You got another glimpse at the "real" him. It should make your D even easier, knowing that you are doing the right thing.

FWIW, I used to discuss my IC revelations with my STBX. It was a waste of words.


----------



## magnoliagal (Mar 30, 2011)

ThreeStrikes said:


> FWIW, I used to discuss my IC revelations with my STBX. It was a waste of words.


Individual counseling is just that. It's about you.

Briefing someone else on your "discoveries" is fixing behavior and buried in the conversation is your desire to convince him of something.

The only times I discussed any of my IC with my husband is when he asked about it. Even then, I kept the answers short.


----------



## struggle (May 13, 2013)

He asked me only because he didn't have an answer to my question. So true to form, he turned it around on me. But honestly, he wasn't really interested in my answer. He's a master at diversion tactics.

Not even two sentences in, he interrupted me to make his own point because he felt it to be a personal attack. He also used a pretty asinine example. Besides, to him, counselor's are just out for money. Not everyone needs to bring a professional into their life for help. Especially him. He's just fine.

I'm still just floored at the whole thing.

Every friend that I've talked to about it believes there has to be someone else, and he's trying to be a cake eater. Unfortunately for him, he answered his phone.


----------



## ThreeStrikes (Aug 11, 2012)

Remember, narcissists *need* people for attention and validation (supply).

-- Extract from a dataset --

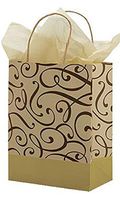 Medium Chocolate & Gold Swirl Paper Shopping Bags - Case of 25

If a person doesn't give them that supply, then that person is dismissed. This is why your STBX dismisses counselling.

When you stop giving him supply, he will eventually dismiss you, too. That will be a happy day in your life. However, he will continue to poke and prod you periodically to see if you will validate him. 

Your best option is to completely remove him from your life. Go NC, and keep up with your IC.


----------